The effect of this remark was extraordinary. The tempo of the adventure—for adventure it unquestionably and profoundly was—instantly quickened. It was as if the stream on which they were being swept had not only broadened and taken on a dizzying speed, but had, as suddenly, dived underground through a phantasmagoric darkness. Specifically, he found himself looking at a Jew who had somehow changed—he was less the shopkeeper, less, even, the human being, and more—something else. What, exactly? More imposing? That, certainly; and also, singularly, more luminous—he gave out a light, and his eyes, looking down, seemed in the kindliest of manners to indicate that this light must also be a guidance. What it was that the Jew said he didn’t catch. It was merely a short, vague exclamation, followed by a smile and a stare which were a little frightening in their suggestion of extraordinary intimacy. After that, it was as if every step taken was taken the more elaborately to insure for the ensuing talk the right seclusion and secrecy. The iron shutters outside the window were rattled harshly down and locked, the door was locked, the lights in the show window were switched off, leaving the heap of jewels, oddities, silks, and carvings in darkness.
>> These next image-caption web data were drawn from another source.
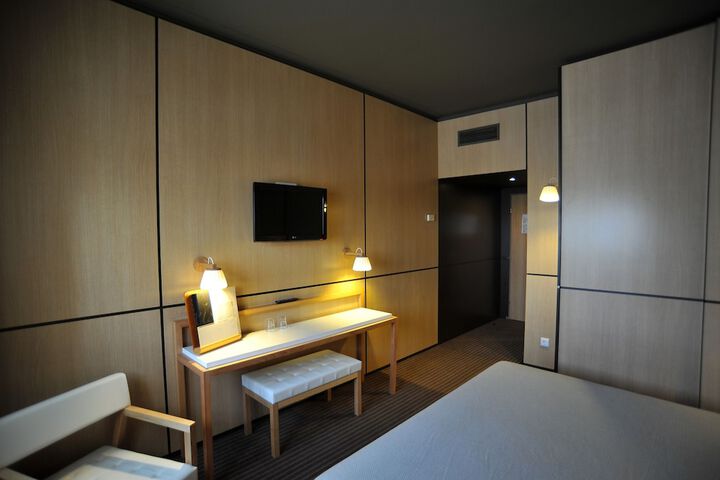 Room 22 of 100
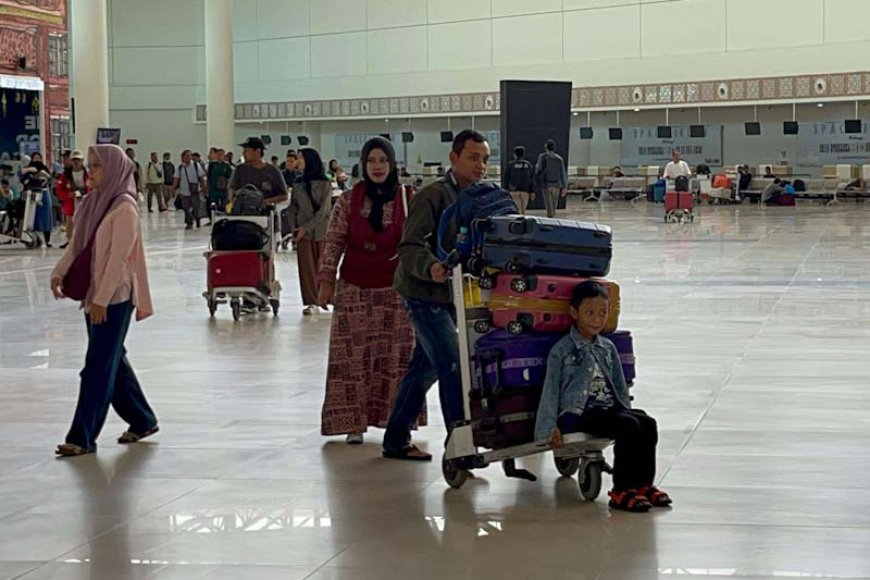 Momen Puncak Arus Mudik, Bandara Syamsudin Noor Dilintasi Belasan Ribu Penumpang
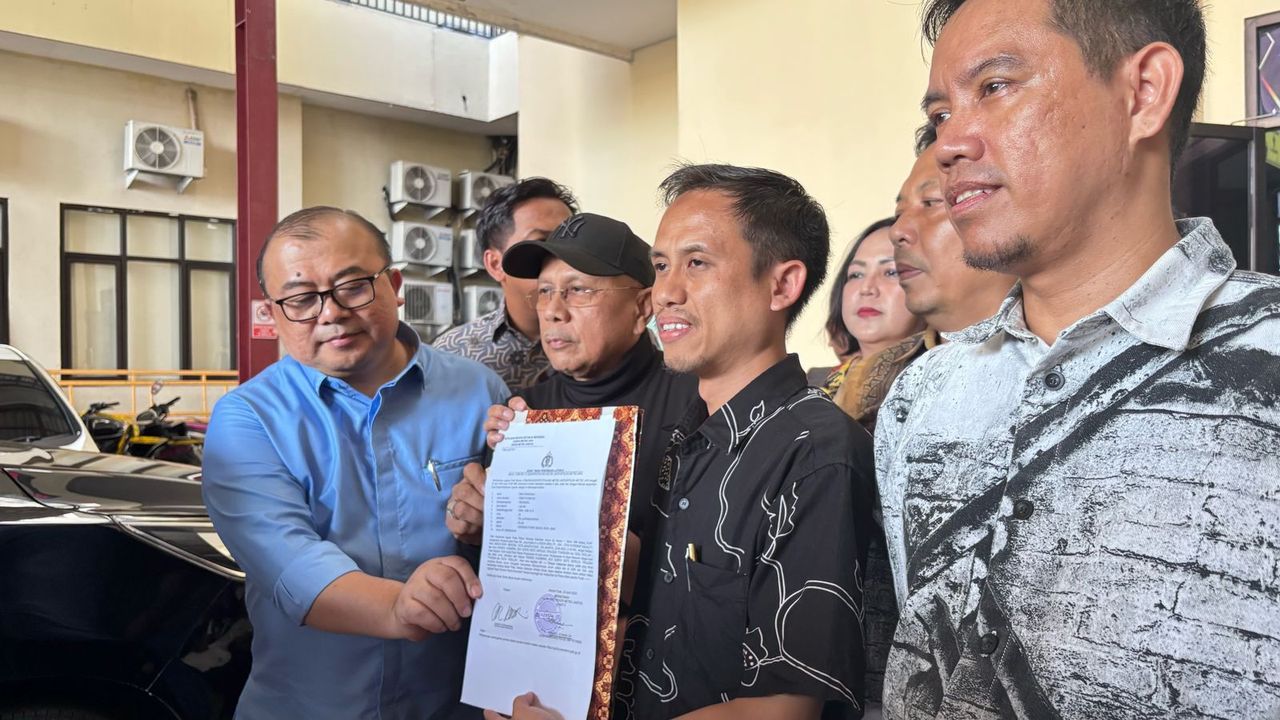 Relawan Laporkan Roy Suryo hingga Dokter Tifa ke Polres Jakpus soal Tudingan Ijazah Jokowi Palsu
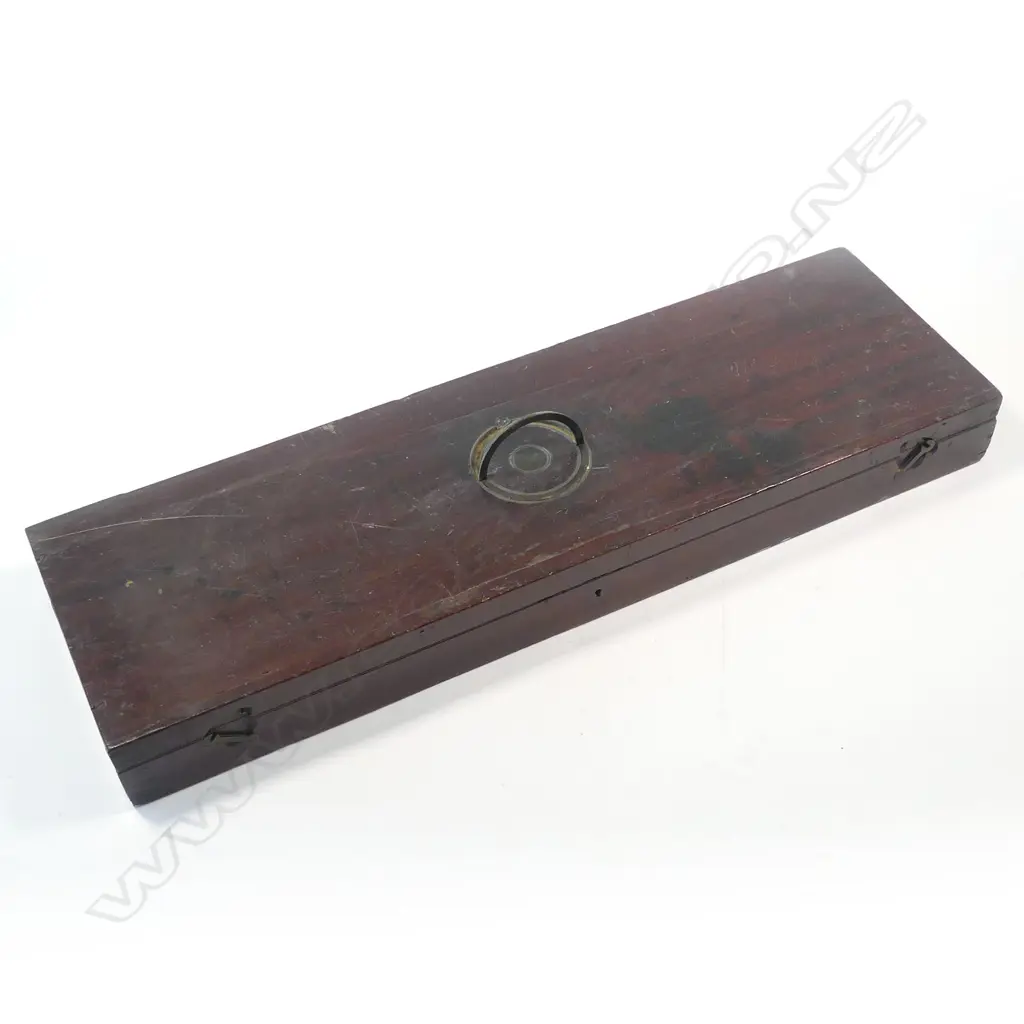 A fine early19thC .18 bore muzzle loading percussion double barrel sporting gun, by John Manton & Son, London, in baize lined fitted mahogany case. Image 1++
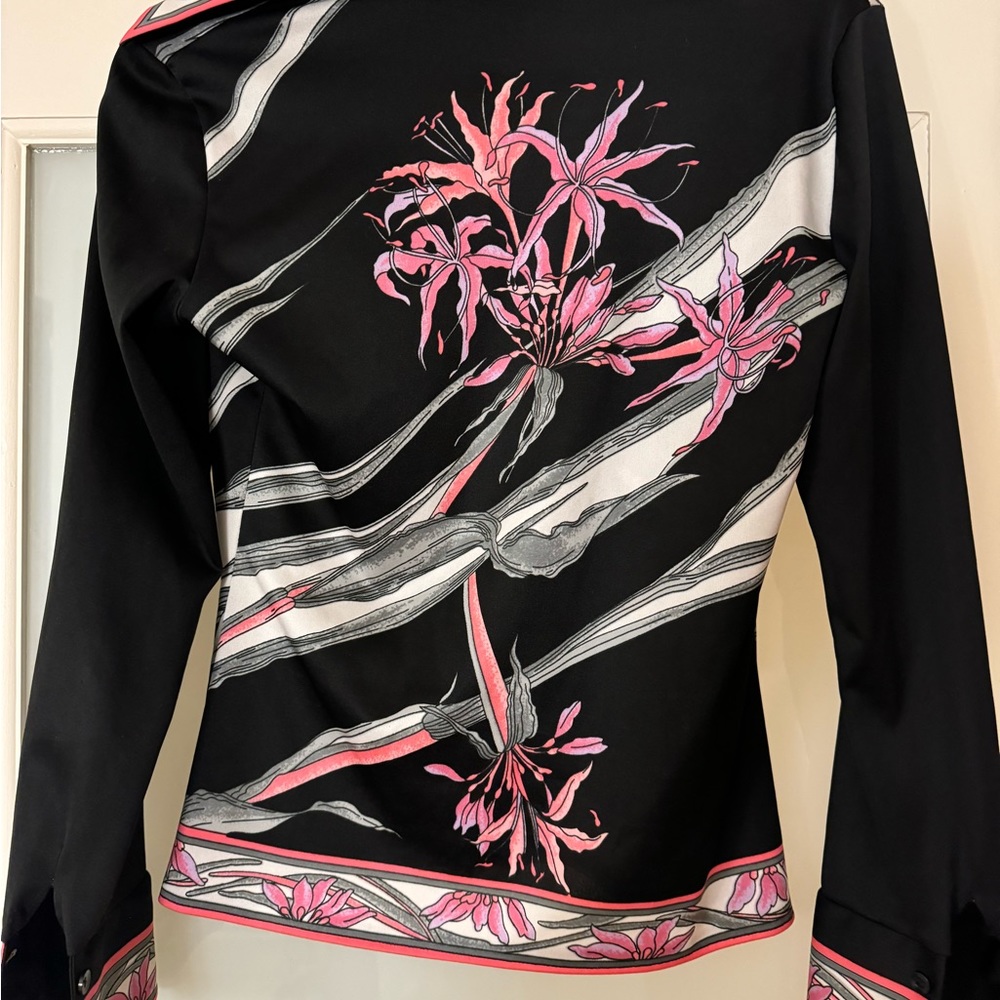 Patterned button up top - Picture 2 of 2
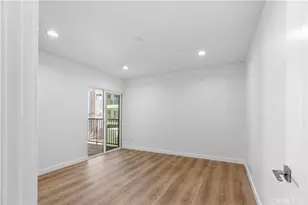 949 N Kings, West Hollywood, CA 90069 - Photo 30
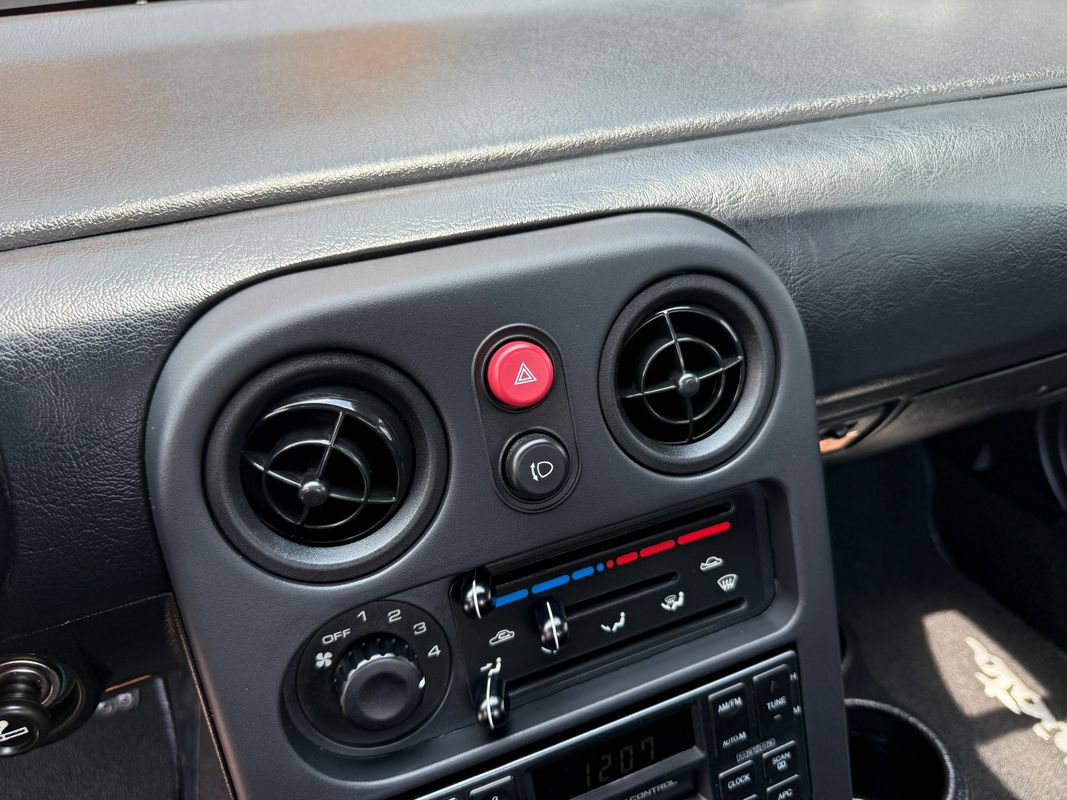 Used 1990 MAZDA MX-5 Miata RWD image 58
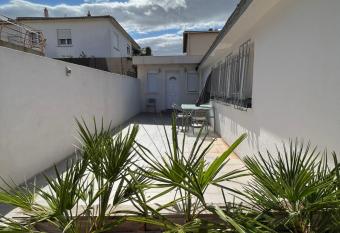 Beau studio ind  pendant   15mn de la plage, proche de toute commodit   has Balcony rooms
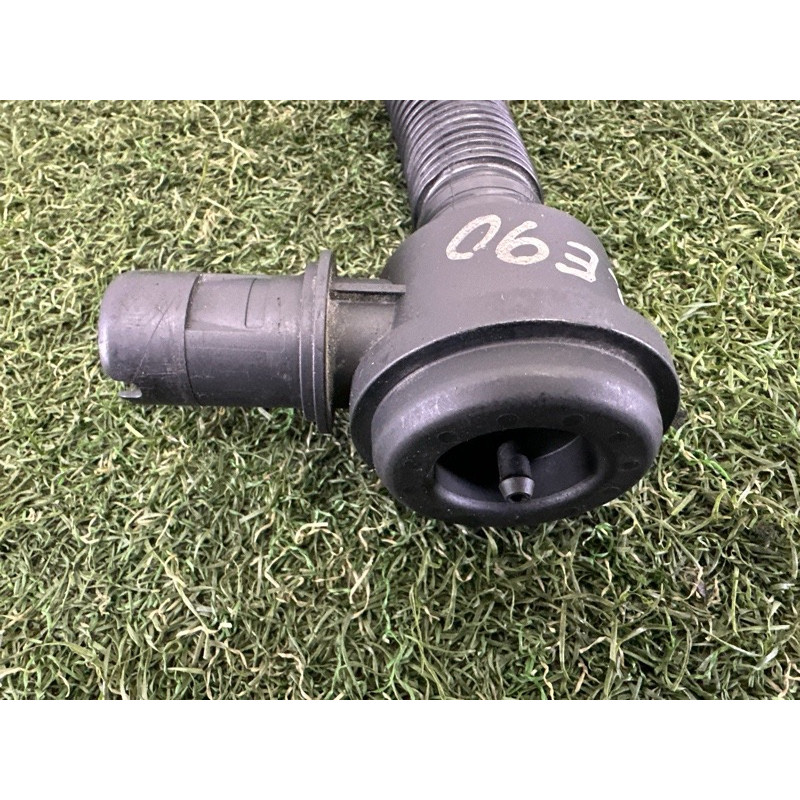 Трубка рецеркуляции воздуха (двигатель и элементы) BMW 3-series E90 2010 3.0 N54 11657556555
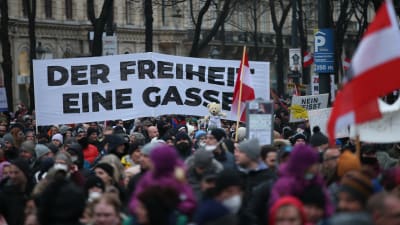 Tiotusentals demonstrerade mot obligatoriskt coronavaccinering i Wien, Österrike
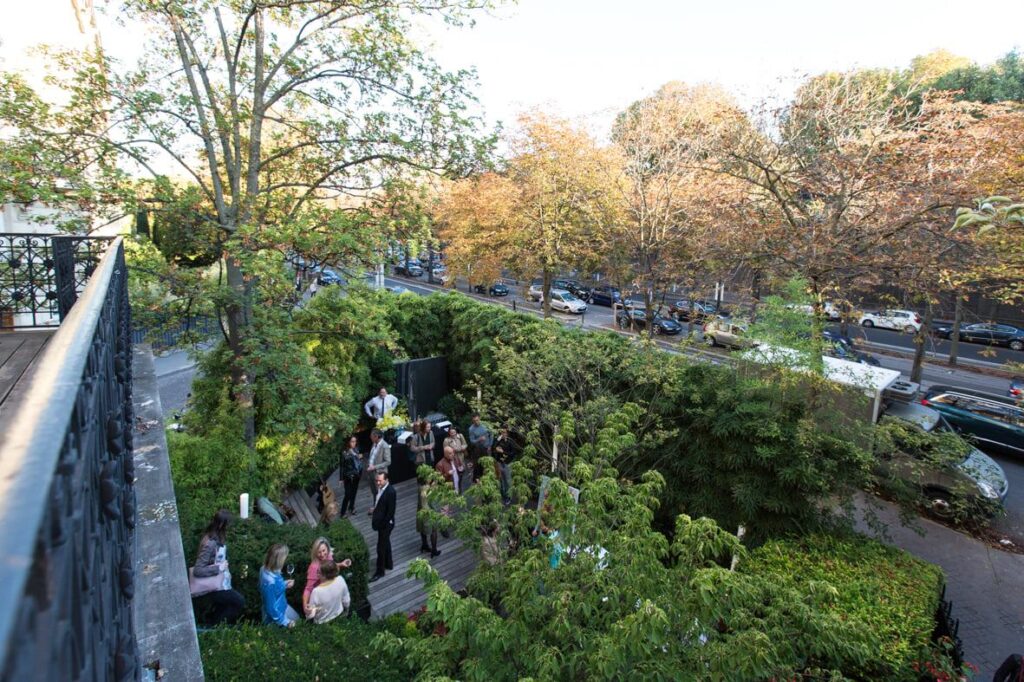 Guests on the gardens of 6 Mandel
From outside in the night mingled with the subdued murmur of the street, came, even more subdued and tenuous, sounds of a bell, slowly struck, and as if blown down from a very great height.… When, having followed his host through a passage and up the stairs, an uplifted tall candle flinging cascades of banister shadows over the richly ornamented wall, he entered the room over the shop, it was with a vague sense of having come an incredible distance in space and time—the street seemed far away, remote seemed the snowy square where, surely only a quarter of an hour ago, the clock had struck four; remotest of all seemed his own poor lodgings where the fire probably needed replenishing. Had he not, even, come a long way from himself—was his name still Dace?…

“The piece that has fallen over!” said the Jew, and gave a short laugh. He had set the candle on the chimneypiece, where its light, duplicated in the dusty mirror, was sufficient to show a faded room crowded with odds and ends. “That’s shrewd—that’s shrewd. That goes, certainly, to the root of things.… So you knew, all the time!”

“Knew?…”

“You were merely drawing me out, leading me on! Well, well! That was clever.”

Dace met the Jew’s richly insinuating stare with bland and genial acquiescence.